Este assunto foi levantado inicialmente no Correio dos Açores há uns oito anos pelo distinto jornalista José Manuel Santos Narciso. Mais tarde eu retomei e desenvolvi o assunto em dois artigos publicados na imprensa micaelense, porque entendo que foi cometida uma injustiça para com a memória a todos os títulos respeitável do exemplar sacerdote José Baptista Ferreira. Ninguém com responsabilidades ligou ou deu sequência - que seja, pelo menos, do meu conhecimento - ao que foi escrito por Santos Narciso e por mim. Simplesmente, é muito triste!
A apreciada secção “Maria Corisca”, do Correio dos Açores, publicou então uma nota a apoiar os meus artigos sobre este assunto. Transcrevo o apontamento para recordar: “Ricos! Ainda ontem li no jornal que tão generosamente me acolhe no seu seio um artigo do jornalista Tomás Quental Mota Vieira a sugerir o regresso dos seis quadros da via-sacra pintados nos anos setenta por Monsenhor Baptista Ferreira para a Igreja do Imaculado Coração de Maria, na Rua Barão das Laranjeiras, e que mais tarde foram “desterrados” para a ermida da Mãe de Deus. Basta que sejam dignamente emoldurados e será um acto de justiça à memória de quem construiu o templo do Imaculado Coração de Maria. O Correio dos Açores este ano assinalou a sua edição de Páscoa trazendo à estampa a beleza destes quadros que mesmo sendo uma expressão popular de pintura religiosa em nada chocam com o estilo do templo onde lá estiveram mais de duas décadas.
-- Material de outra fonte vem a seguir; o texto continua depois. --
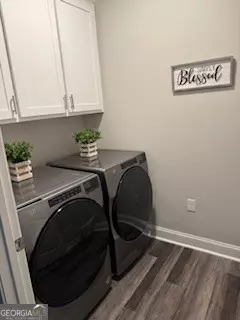 Other - 1036 Field St, Dudley, GA 31022 photo 11 of 14
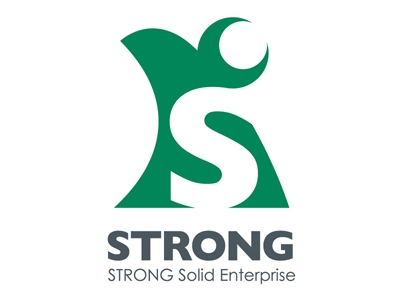 強固企業有限公司-undefined
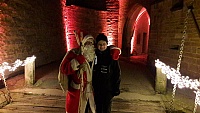 IMG-20191213-WA0000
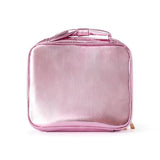 Bows and Confetti Lunchbox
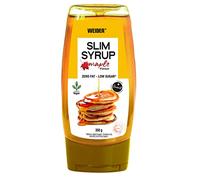 Weider ACERO SYRUP 250ml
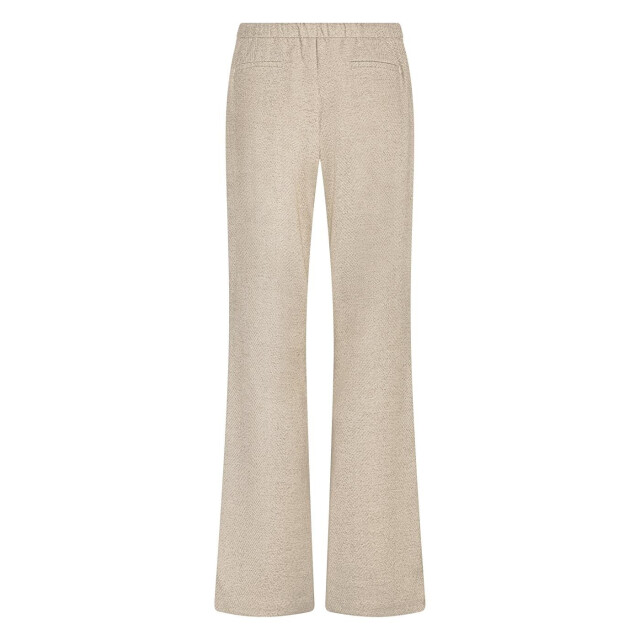 Nukus Nkf09014 9 vera pants strass sand NKF09014  9 large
Em Fevereiro de 2017 ocorre o centenário do nascimento do Padre Baptista e a minha prima da Rua do Poço acha que o retorno dos quadros ao Imaculado Coração de Maria, seria uma grande homenagem a quem serviu São Pedro, com humildade e simplicidade”. Um sincero “bem haja!” para quem escreveu esta eloquente nota!
Apelo à hierarquia da Igreja Católica açoriana - ao novo bispo diretamente - que faça o favor de corrigir este erro e mande colocar de novo os quadros na Capela do Imaculado Coração de Maria, sem mais delongas nem justificações. Os quadros foram pintados para a Capela do Coração de Maria e, portanto, é lá que devem estar, em cumprimento da vontade e do desejo de monsenhor José Baptista Ferreira, que é o respectivo autor. A todo o tempo é tempo de corrigir uma injustiça! Como a Ermida da Mãe de Deus está numa situação de decrepitude, de resto é muito húmida em resultado da sua localização, as telas pintadas por monsenhor Baptista Ferreira devem ser urgentemente protegidas e transferidas para o templo de origem. Possivelmente, até já estão de algum modo danificadas. Estou para ver se há alguém nesta nossa terra - com inteligência e coração - que se disponha a resolver este assunto! Ou será que as citadas telas vão acabar um dia transformadas em lixo ou entulho? Então seria mesmo, sem qualquer dúvida, obra vergonhosa do diabo! Seria, sim, uma enorme vergonha, como enorme vergonha já é, de resto, não conservarem condignamente a Ermida da Mãe de Deus. Parece que o mais importante agora é construir hotéis e mais hotéis, mesmo em locais impróprios para o efeito, como na Calheta de Pêro de Teive. Quanto à defesa dos valores açorianos, sejam eles quais forem, a estratégia é cada vez mais “depois se verá”, como está a acontecer, também, com o histórico e belo edifício da Escola Secundária Antero de Quental, igualmente nesta cidade.